Look below for the line that has "Knitted Top (Category: Others"; output exactly from it through the line that has "Apartment | Private", and leave the pictures out.

*** Records ***

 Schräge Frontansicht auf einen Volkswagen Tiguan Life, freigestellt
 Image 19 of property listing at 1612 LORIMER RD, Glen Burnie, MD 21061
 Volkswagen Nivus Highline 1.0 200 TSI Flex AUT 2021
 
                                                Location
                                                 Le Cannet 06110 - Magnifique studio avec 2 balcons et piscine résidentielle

*** End of Records ***
*** Records ***

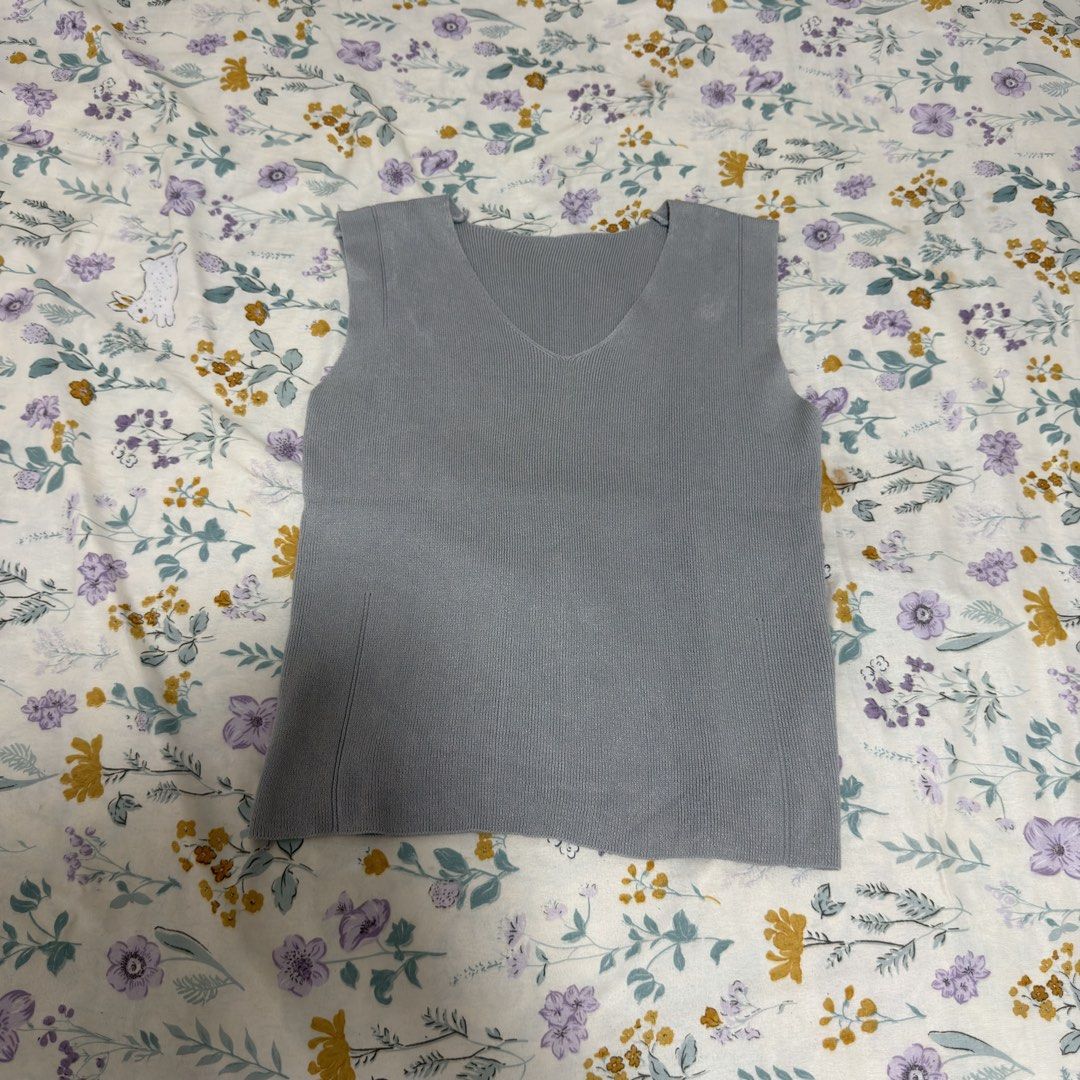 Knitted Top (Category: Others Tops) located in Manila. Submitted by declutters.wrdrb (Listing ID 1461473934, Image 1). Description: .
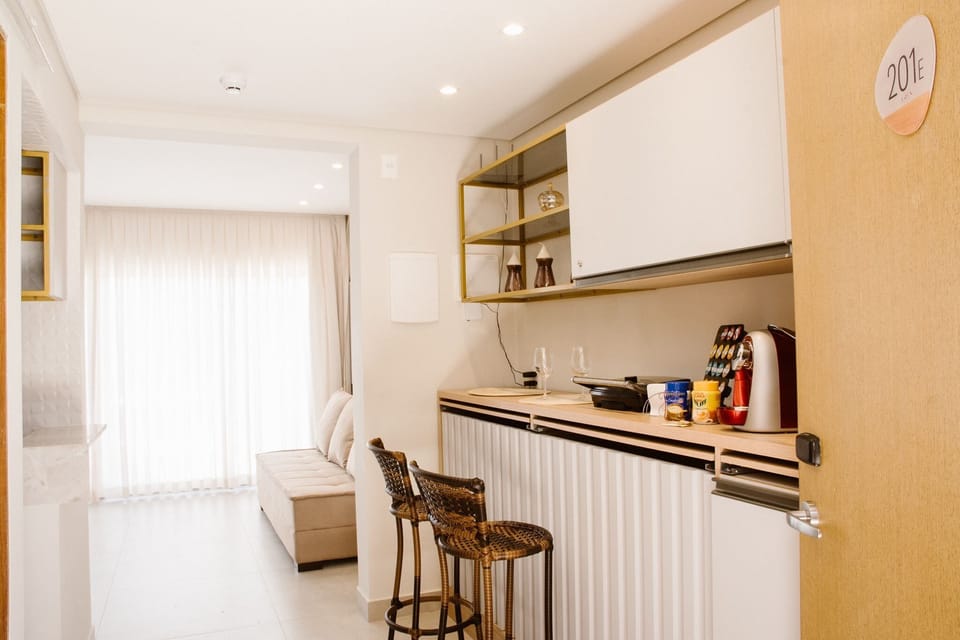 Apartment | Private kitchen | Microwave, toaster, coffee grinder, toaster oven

*** End of Records ***
*** Records ***

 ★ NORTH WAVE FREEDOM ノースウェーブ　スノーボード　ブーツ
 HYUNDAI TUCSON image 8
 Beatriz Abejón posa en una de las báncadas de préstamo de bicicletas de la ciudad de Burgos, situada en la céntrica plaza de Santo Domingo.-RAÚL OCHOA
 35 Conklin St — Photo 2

*** End of Records ***

Exercise output:
 Knitted Top (Category: Others Tops) located in Manila. Submitted by declutters.wrdrb (Listing ID 1461473934, Image 1). Description: .
 Apartment | Private kitchen | Microwave, toaster, coffee grinder, toaster oven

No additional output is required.